Vast forests ring the high latitudes of Alaska and Canada. When these boreal forests burn, the impact reaches far beyond smoky skies and dramatic news footage. These fires can either heat the planet by releasing greenhouse gases and thawing frozen soils, or cool it by exposing bright, reflective snow that bounces sunlight back to space. This study asks a simple but crucial question: when you add up all these effects over decades, do northern forest fires mostly warm or cool our climate—and where should we focus efforts to reduce their long‑term damage?

Figure 1
Figure 1.

Balancing Acts in a Changing Northern World

The researchers examined nearly two decades of fires, from 2001 to 2019, across Alaska and western Canada. They treated each burned patch of ground as part of a grand climate experiment and followed its influence for 70 years into the future. Instead of looking only at the immediate smoke and carbon released during a fire, they tallied five major pathways: greenhouse gases from burning trees and soil, short‑lived particles in the smoke, how dark or bright the land surface becomes after the fire, how quickly vegetation grows back and pulls in carbon, and extra greenhouse gases released when fires trigger the thawing of long‑frozen ground known as permafrost. All of these were translated into a common yardstick: how much they change the balance of solar energy at the top of Earth’s atmosphere.

Two Neighbors, Opposite Climate Outcomes

Surprisingly, the overall effect of these fires was not the same on both sides of the border. On average, fires in Alaska ended up warming the climate, while fires in western Canada tended to cool it. In Canada’s Boreal Shield region, which has little permafrost and long, snowy springs, burned areas became significantly brighter for decades. That extra springtime reflection outweighed the warming from greenhouse gases released during the fire and from the soil, tipping the balance toward net cooling. In contrast, Interior Alaska sits in a zone where permafrost is widespread and the soils are packed with carbon. There, deep‑burning fires not only released more carbon immediately but also helped thaw the frozen ground below, unlocking additional greenhouse gases over time. The cooling from brighter, snow‑covered burns and smoke particles simply could not fully offset this hidden, slow‑motion warming.

Where and How Fires Burn Makes All the Difference

The study found that not all fires are created equal.

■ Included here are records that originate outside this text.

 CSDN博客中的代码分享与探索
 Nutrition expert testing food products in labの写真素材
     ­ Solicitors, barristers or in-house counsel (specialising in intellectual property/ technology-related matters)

Climate‑warming fires tended to occur in drier areas, on steeper slopes and at higher elevations, often in forests dominated by black spruce, a tree that builds up thick, carbon‑rich layers of organic matter on the forest floor. These fires burned deeper into the soil and released more carbon per square meter than cooling fires, even though they were not necessarily larger. Fires near the northern tree line, where snowy ground stays exposed longer in spring, generally cooled the climate because of the strong brightening of the surface after burning. Further south, where snow melts earlier, that cooling effect weakened. The presence and continuity of permafrost also mattered: landscapes with more extensive frozen ground saw greater extra warming from thaw‑related emissions after fire.

Figure 2
Figure 2.

What This Means for Forests and Climate Choices

Looking ahead, the authors point out that the cooling benefit from brighter, snow‑covered burn scars is likely to shrink as the climate warms, snow seasons shorten and snow cover becomes less reliable. Meanwhile, more frequent and intense fires are expected to threaten the large carbon stores locked in northern soils. The results suggest that smarter fire management—such as targeted suppression, prescribed burns and forest practices that steer vulnerable areas away from the most carbon‑rich, permafrost‑laden fuels—could help reduce the most climate‑damaging fires without trying to stop fire everywhere. For a layperson, the key takeaway is that northern wildfires are not just a temporary air‑quality problem: in some places they act like a brake on warming, but in others they kick a powerful, long‑lasting accelerator. Knowing where each of these outcomes is most likely helps guide decisions that can keep more of the Arctic’s ancient carbon safely in the ground.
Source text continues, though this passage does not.